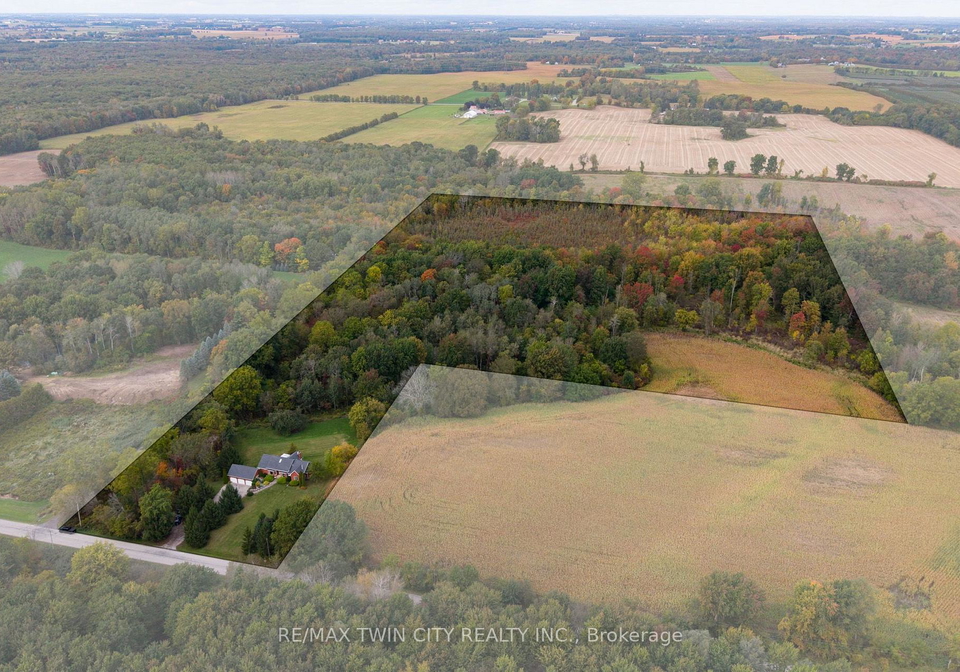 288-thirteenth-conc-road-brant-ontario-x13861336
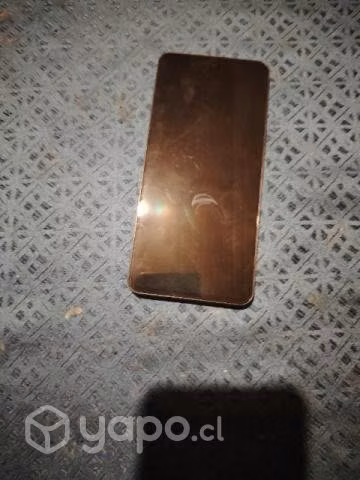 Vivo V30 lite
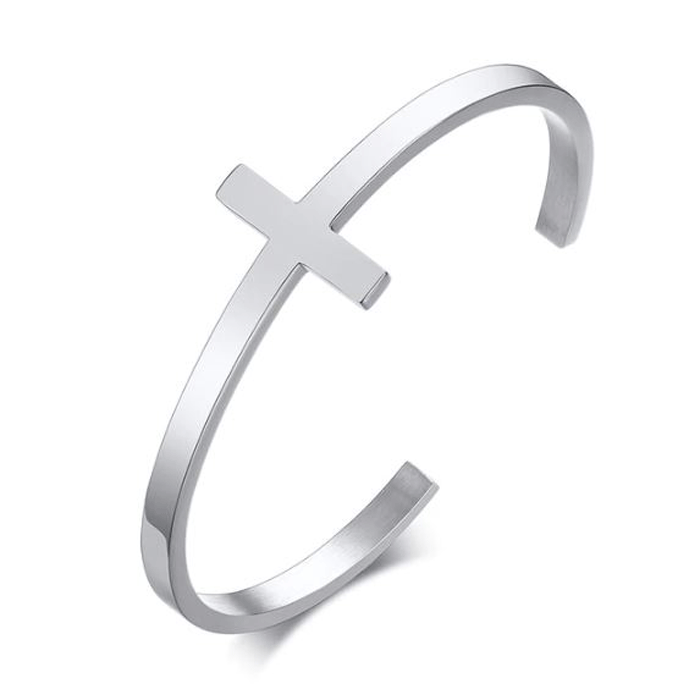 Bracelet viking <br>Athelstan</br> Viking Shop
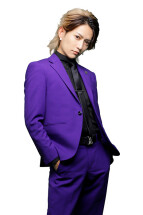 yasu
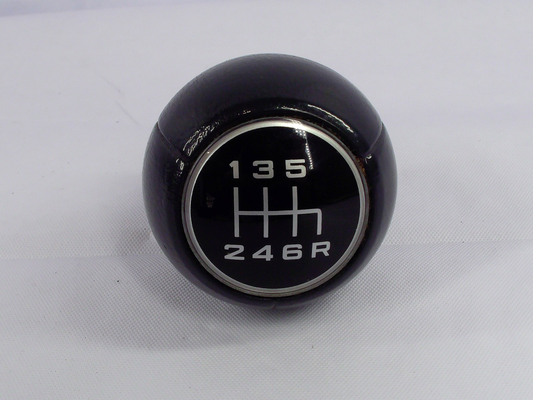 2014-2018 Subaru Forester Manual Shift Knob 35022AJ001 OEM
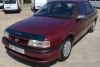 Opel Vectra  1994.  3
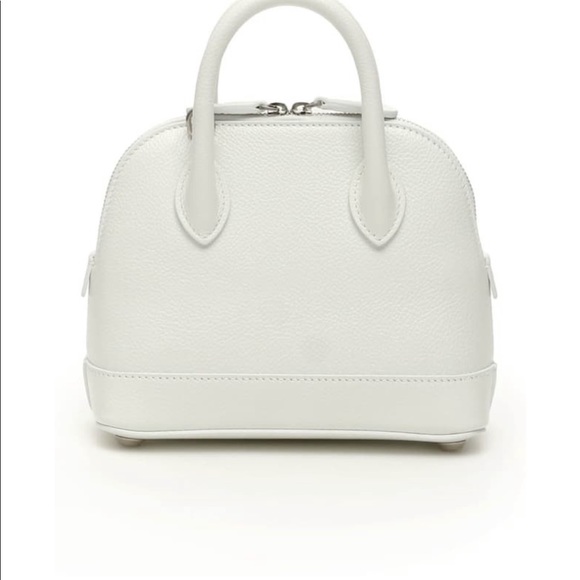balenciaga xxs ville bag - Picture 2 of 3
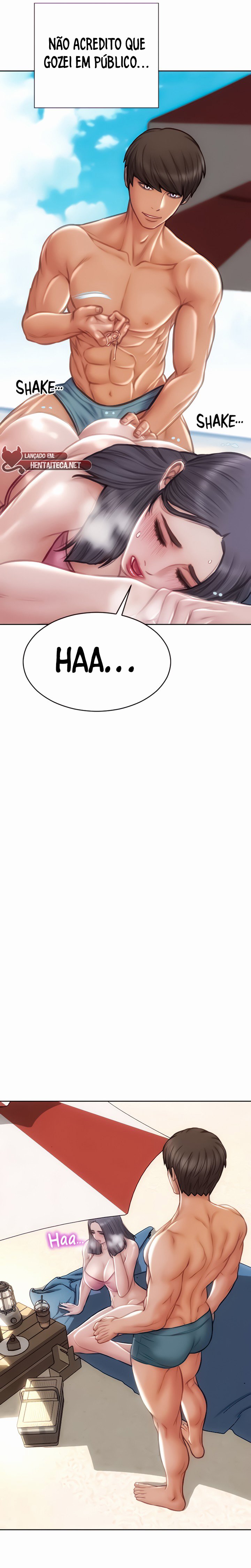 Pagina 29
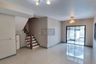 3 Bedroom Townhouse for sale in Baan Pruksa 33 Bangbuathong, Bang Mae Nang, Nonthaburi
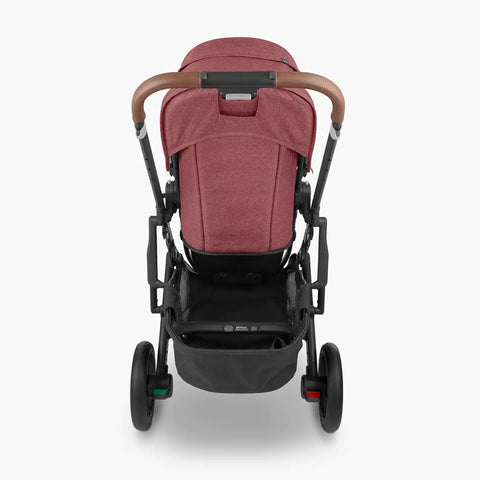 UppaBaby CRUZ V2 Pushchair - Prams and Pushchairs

*WHAT IS REQUIRED*:
Apart from the images, every line above needs to be printed again exactly.

*RESPONSE AREA*:
 288-thirteenth-conc-road-brant-ontario-x13861336
 Vivo V30 lite
 Bracelet viking <br>Athelstan</br> Viking Shop
 yasu
 2014-2018 Subaru Forester Manual Shift Knob 35022AJ001 OEM
 Opel Vectra  1994.  3
balenciaga xxs ville bag - Picture 2 of 3
 Pagina 29
 3 Bedroom Townhouse for sale in Baan Pruksa 33 Bangbuathong, Bang Mae Nang, Nonthaburi
 UppaBaby CRUZ V2 Pushchair - Prams and Pushchairs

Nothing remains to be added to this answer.